→ **Activity**:
Your task is to return all the entries below exactly, with every picture omitted.

[Dataset records]
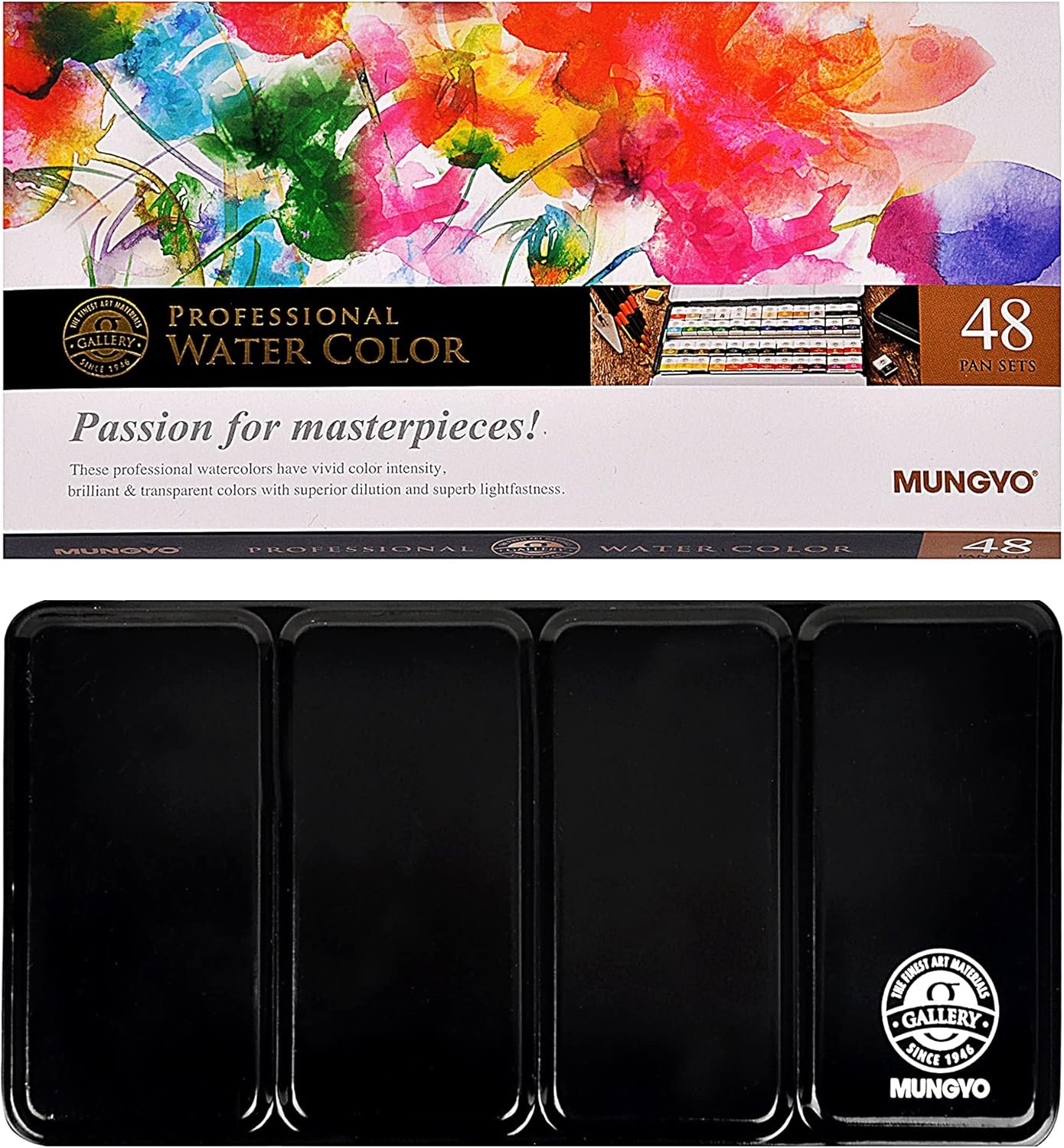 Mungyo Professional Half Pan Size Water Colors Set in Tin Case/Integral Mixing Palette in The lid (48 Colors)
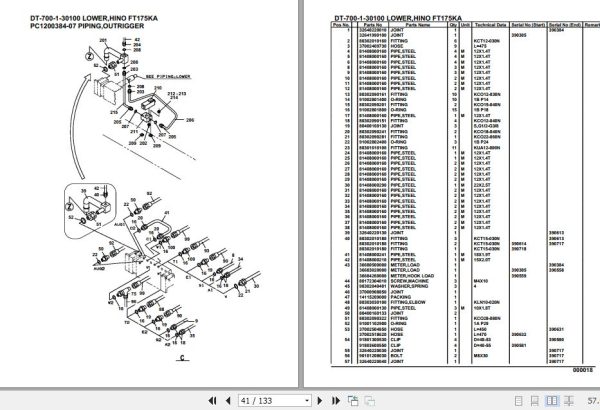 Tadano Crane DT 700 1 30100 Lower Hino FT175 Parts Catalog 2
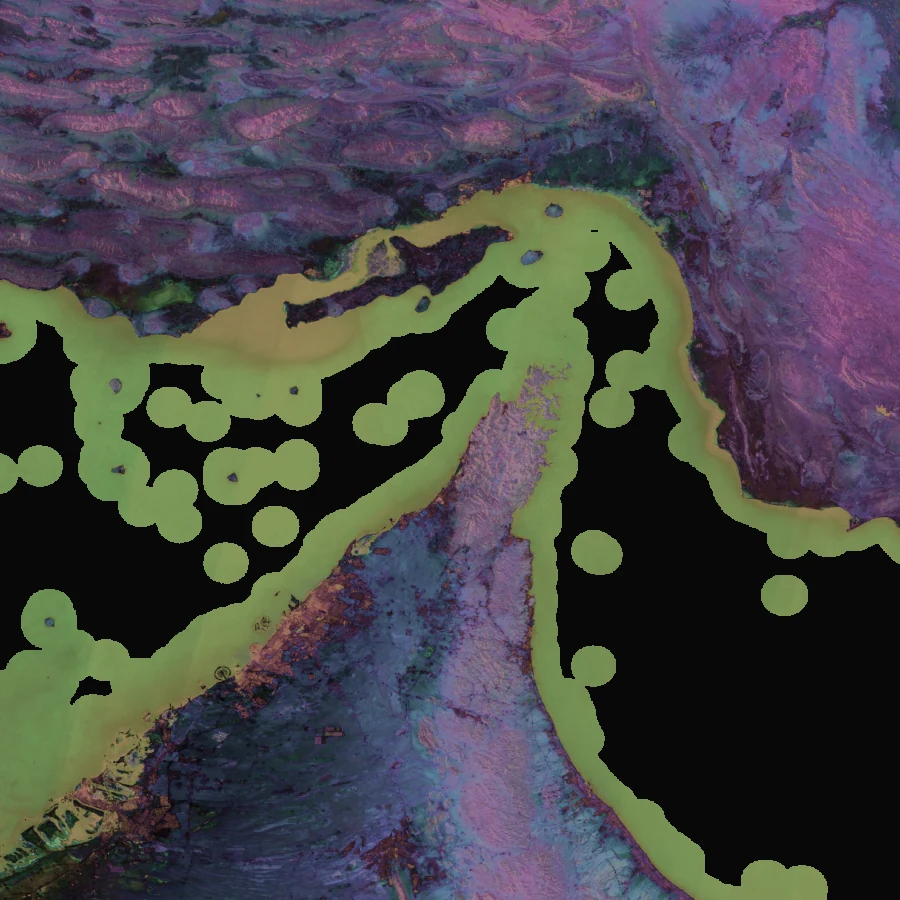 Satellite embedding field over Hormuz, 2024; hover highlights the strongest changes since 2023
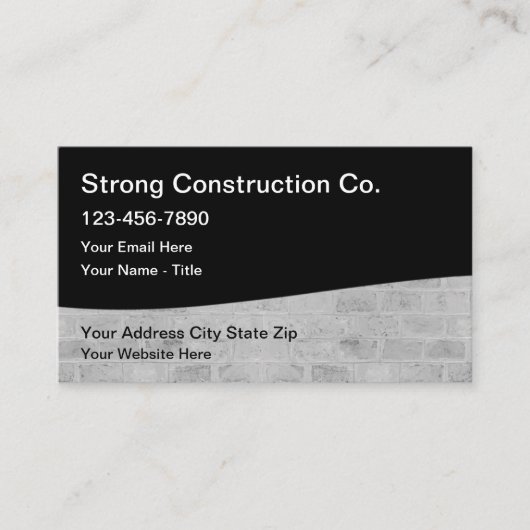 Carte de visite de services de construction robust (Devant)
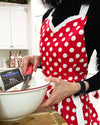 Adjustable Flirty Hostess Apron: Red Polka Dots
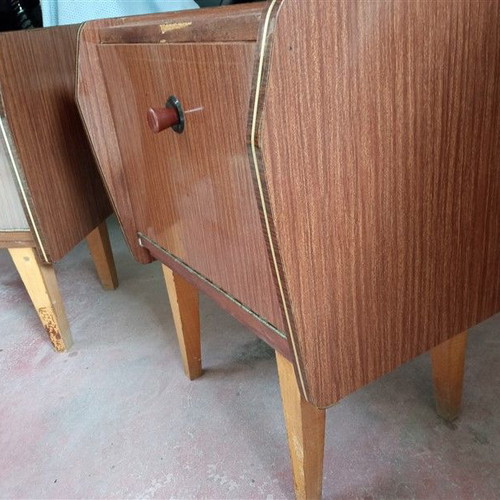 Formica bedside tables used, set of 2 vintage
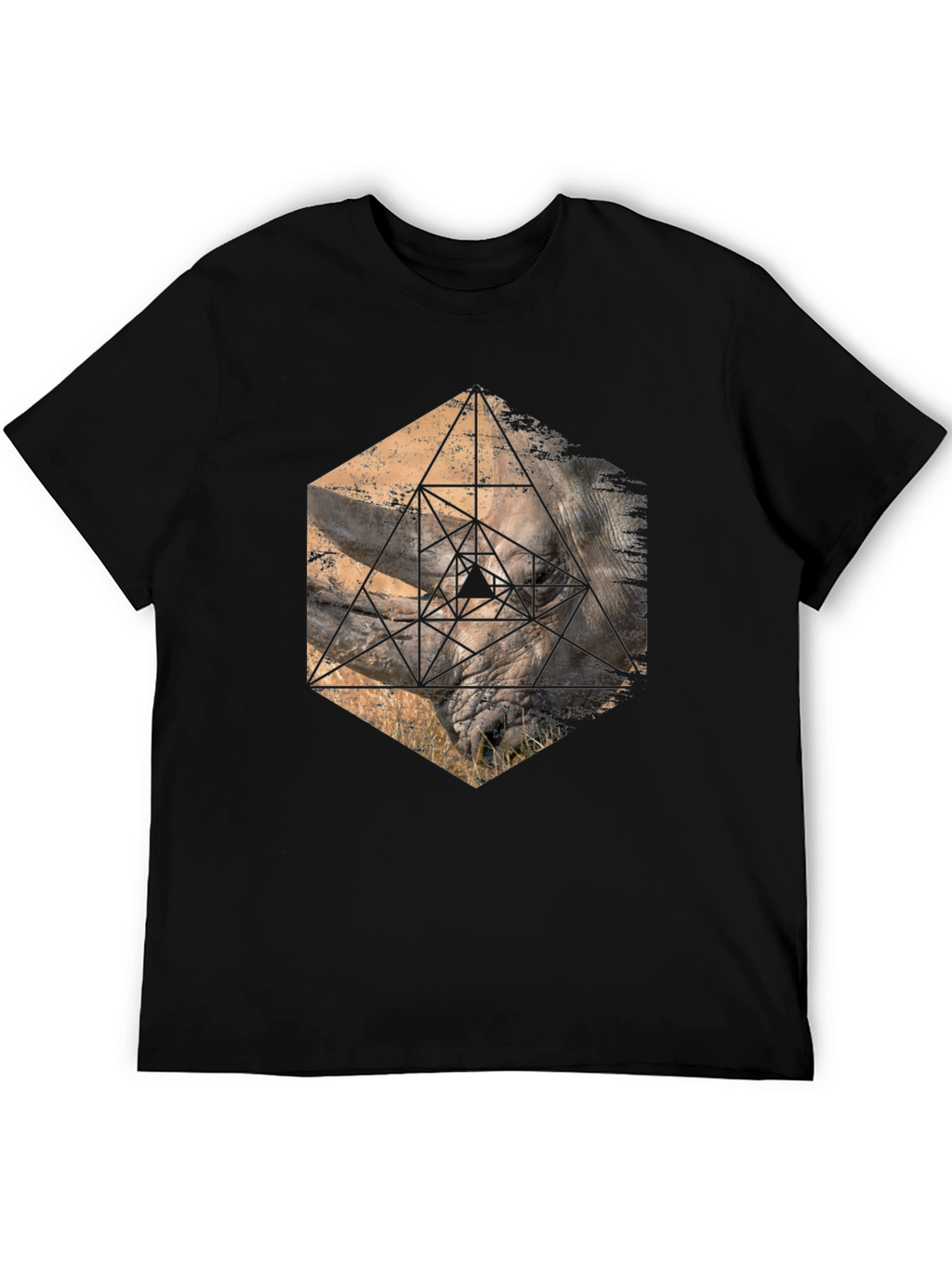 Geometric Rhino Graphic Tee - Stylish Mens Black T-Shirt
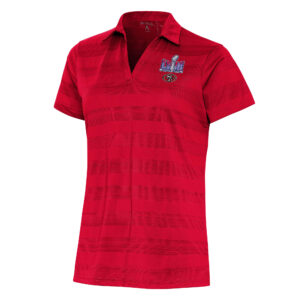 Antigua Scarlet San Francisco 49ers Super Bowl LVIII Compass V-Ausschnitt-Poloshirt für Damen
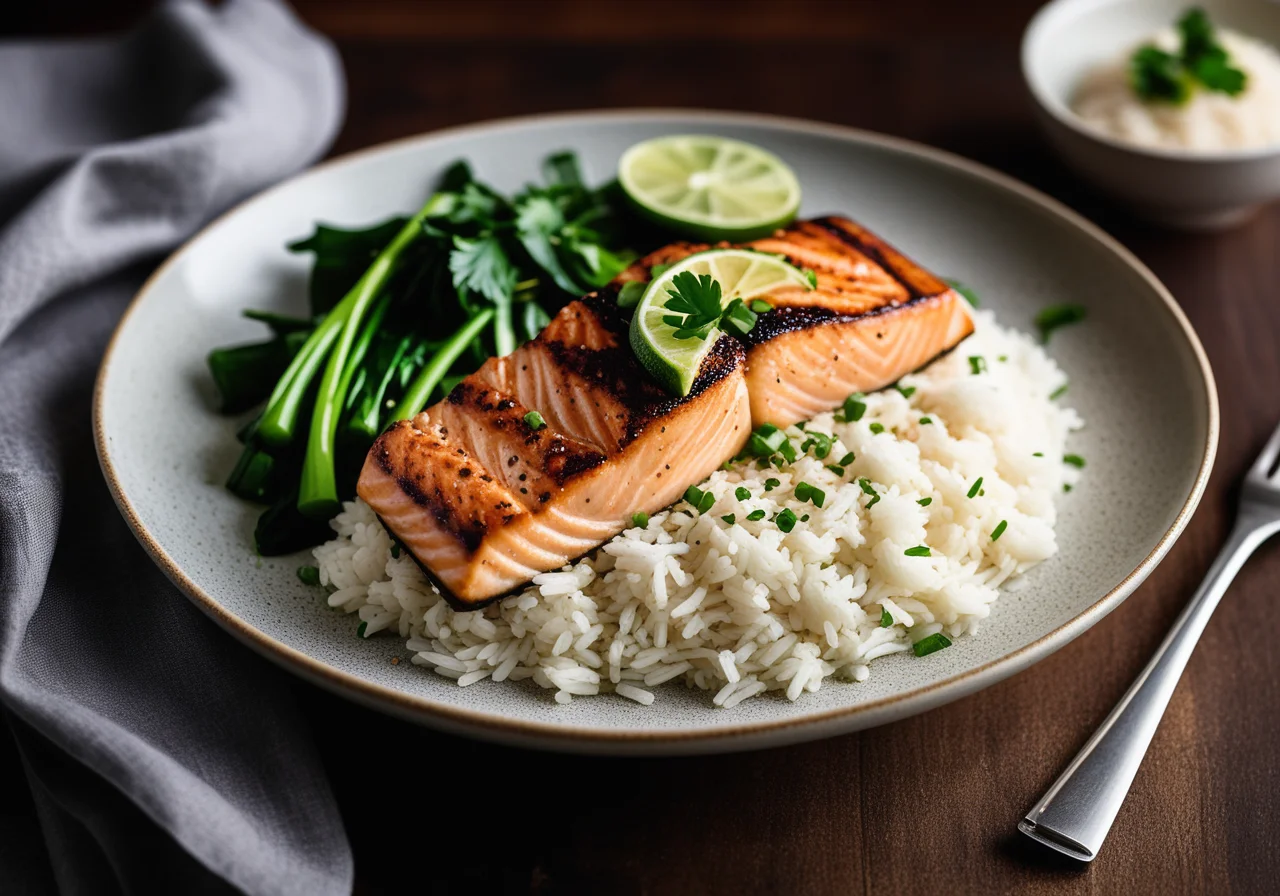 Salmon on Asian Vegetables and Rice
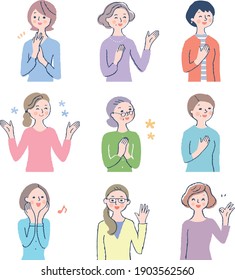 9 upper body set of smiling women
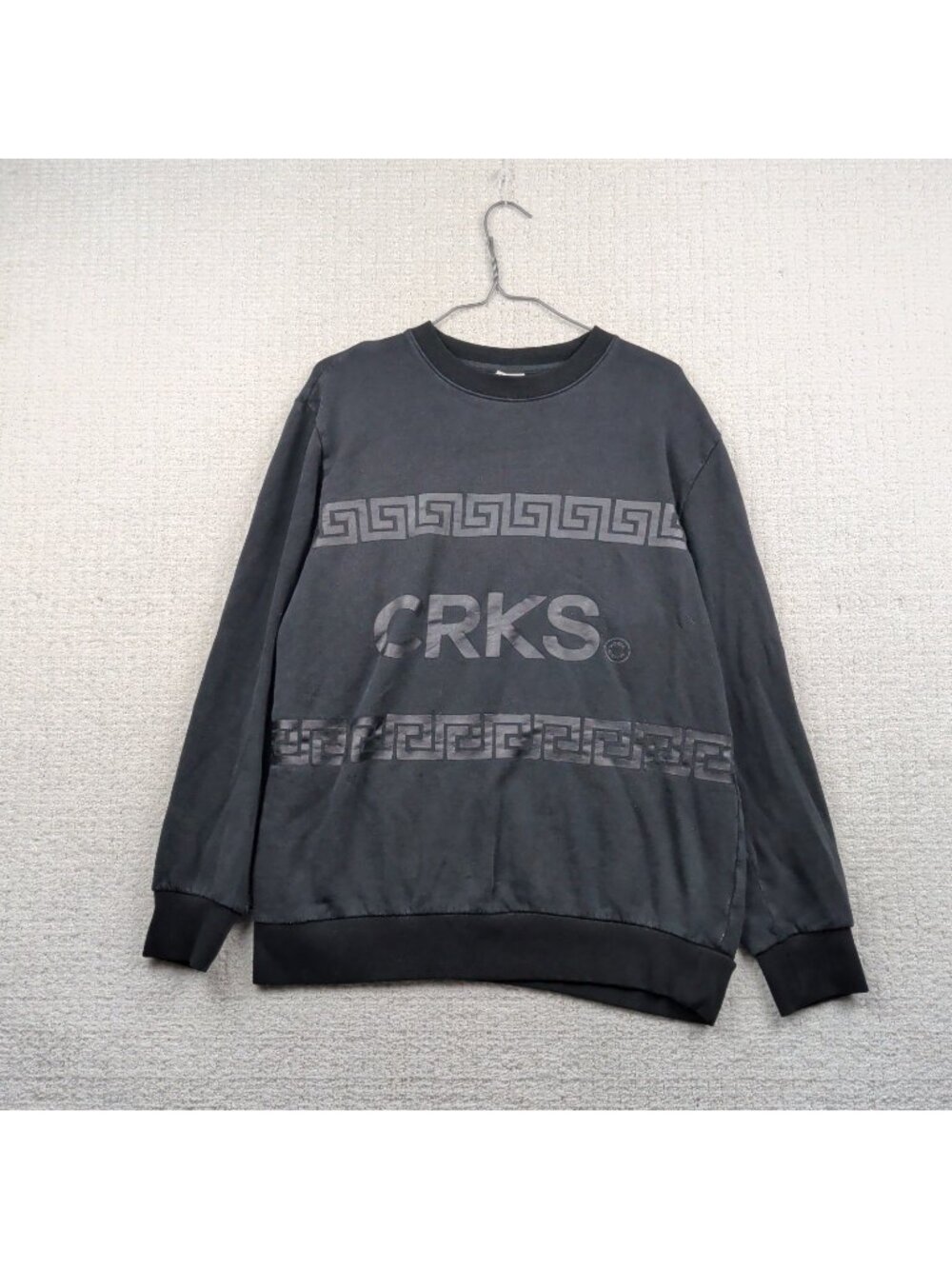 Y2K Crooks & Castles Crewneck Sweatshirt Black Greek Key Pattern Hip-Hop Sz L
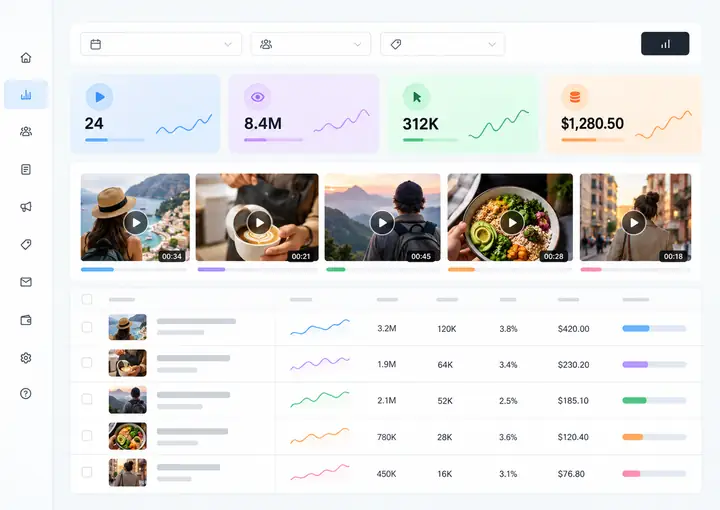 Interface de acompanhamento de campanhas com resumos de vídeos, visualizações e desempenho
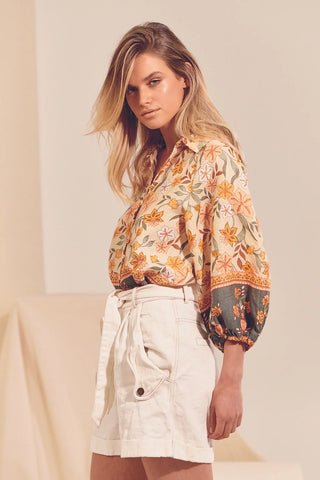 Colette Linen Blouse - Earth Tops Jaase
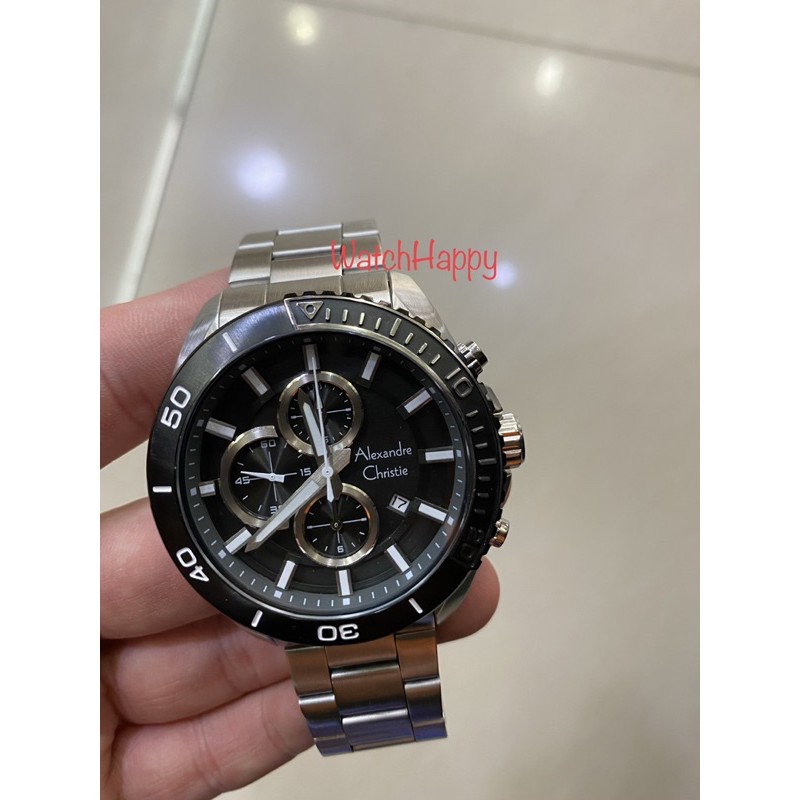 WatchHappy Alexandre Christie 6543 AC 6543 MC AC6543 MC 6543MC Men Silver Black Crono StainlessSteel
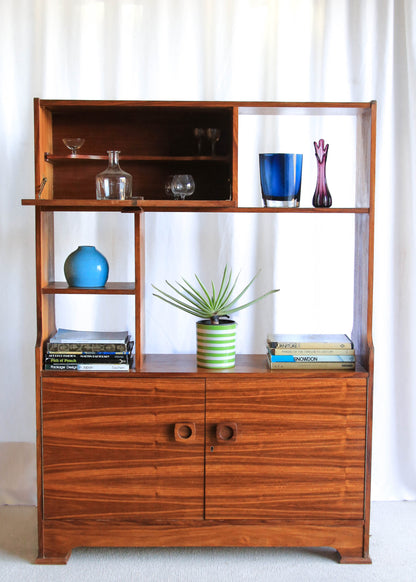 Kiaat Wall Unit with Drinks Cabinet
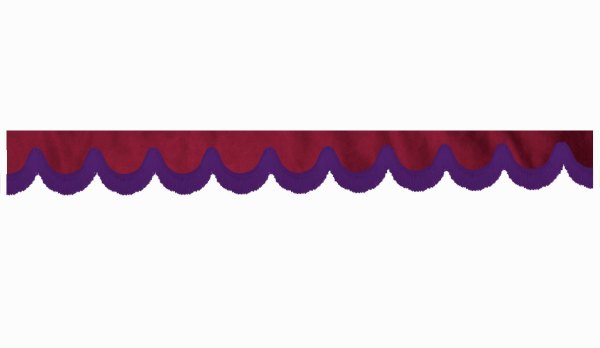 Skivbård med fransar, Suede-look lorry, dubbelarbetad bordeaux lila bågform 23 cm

→ **Answer for the task**:
 Mungyo Professional Half Pan Size Water Colors Set in Tin Case/Integral Mixing Palette in The lid (48 Colors)
 Tadano Crane DT 700 1 30100 Lower Hino FT175 Parts Catalog 2
 Satellite embedding field over Hormuz, 2024; hover highlights the strongest changes since 2023
 Carte de visite de services de construction robust (Devant)
 Adjustable Flirty Hostess Apron: Red Polka Dots
 Formica bedside tables used, set of 2 vintage
 Geometric Rhino Graphic Tee - Stylish Mens Black T-Shirt
 Antigua Scarlet San Francisco 49ers Super Bowl LVIII Compass V-Ausschnitt-Poloshirt für Damen
 Salmon on Asian Vegetables and Rice
 9 upper body set of smiling women
 Y2K Crooks & Castles Crewneck Sweatshirt Black Greek Key Pattern Hip-Hop Sz L
 Interface de acompanhamento de campanhas com resumos de vídeos, visualizações e desempenho
 Colette Linen Blouse - Earth Tops Jaase
 WatchHappy Alexandre Christie 6543 AC 6543 MC AC6543 MC 6543MC Men Silver Black Crono StainlessSteel
 Kiaat Wall Unit with Drinks Cabinet
 Skivbård med fransar, Suede-look lorry, dubbelarbetad bordeaux lila bågform 23 cm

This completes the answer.